Problem with servers connection from odyssey through HAproxy
skilyazhnev opened this issue · comments
Hi! First of all thanks for this product.
Second.
We have installation with Odyssey <---> HAproxy <---> PostgreSQL.
After switch app to odyssey we recived a lot of strange errors like
T13:02:05Z info [cb47523521fcb sb7656329d4c1] (main) server disconnected (read/write error): Broken pipe, status OD_ESERVER_WRITE
and
T13:15:05Z info [c56515b274f34 sa0a3bb0e2c20] (main) server disconnected (read/write error): Resource temporarily unavailable, status OD_ESERVER_READ
which broke query flow and crush our app.
And we found problem in HAproxy configuration which affect to Odyssey and create (from my point of view) strang Odyssey behavior.
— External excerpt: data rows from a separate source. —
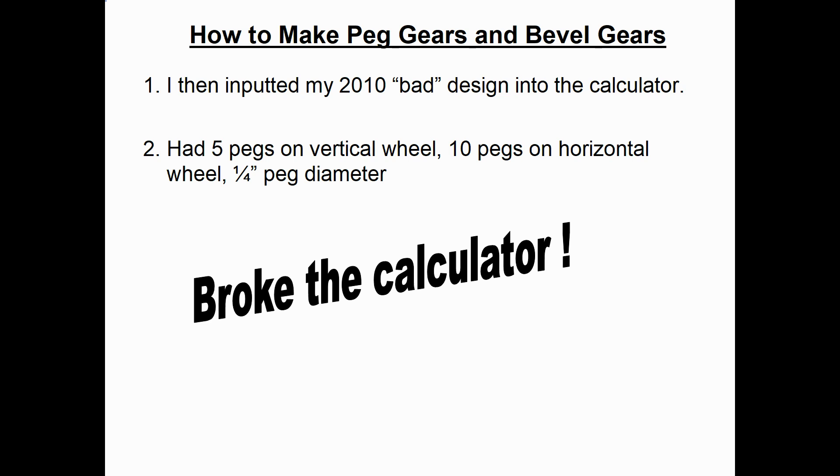I went ahead and entered my 2014 bad design inputs: five pegs on the vertical wheel, ten pegs on the horizontal wheel, and a quarter-inch peg diameter. And it broke the calculator — which is actually a good thing, because that means the calculator predicts my design would not work. And in fact it did not work; it would bind up.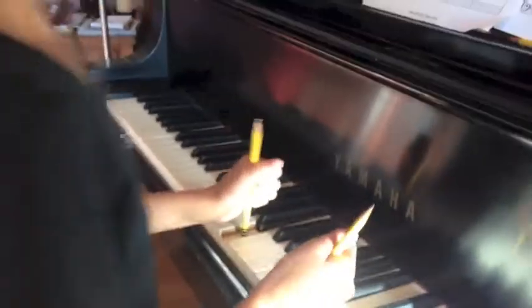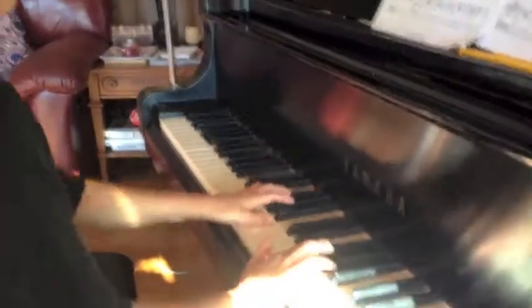Now try it hands together by yourself and see if you can get that same kind of sound that you got with those pencils.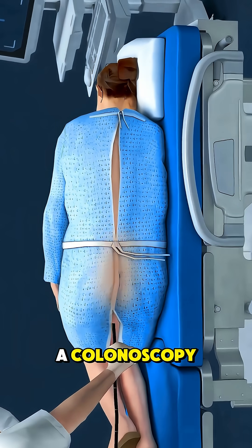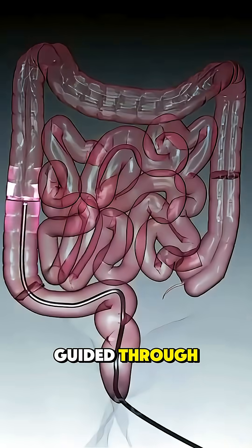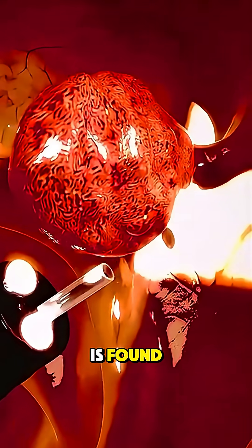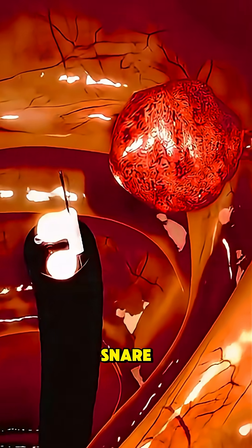It begins with a colonoscopy, where a flexible tube with a tiny camera is gently guided through the colon. If a polyp is found, doctors insert a special tool through the scope — usually a wire loop called a snare.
If we have HAproxy client\server timeout
defaults
mode tcp
log global
retries 2
timeout queue 5s
timeout connect 20s
timeout client 60m
timeout server 60m
timeout check 20s
After 60 minut HAproxy send tcp-fin to Odyssey and it... must close connetion? or handel that somehow?
In pgbconsole i see that Odyssey just forget where it must sent packages (addr, port), but it doesn't close "logical" server connection.
And after then client try use connect to server connection and fallen.
Red squares in the place where the connections just disappeared
We tryed to user pool_ttl, but we still catch this situation. But more complexive.
database "database" {
user "postgres" {
authentication "clear_text"
password "password"
storage "storage_name.database"
storage_db "postgres"
storage_user "postgres"
storage_password "password"
pool "session"
pool_size 60
pool_timeout 0
pool_ttl 60
pool_cancel yes
pool_rollback yes
pool_discard yes
client_fwd_error yes
log_debug no
}
}
If we have one "broken" connection in pool, and amount connection is 5.
And client sometimes use one connection from pool, "broken" connection didn't closed and it can broke query flow When the load rises.
Looks like pool_ttl it's timer for whole pool and not for separate server connection.
In general, so far we have not found an iron solution for this problem and I have not found similar cases in issues.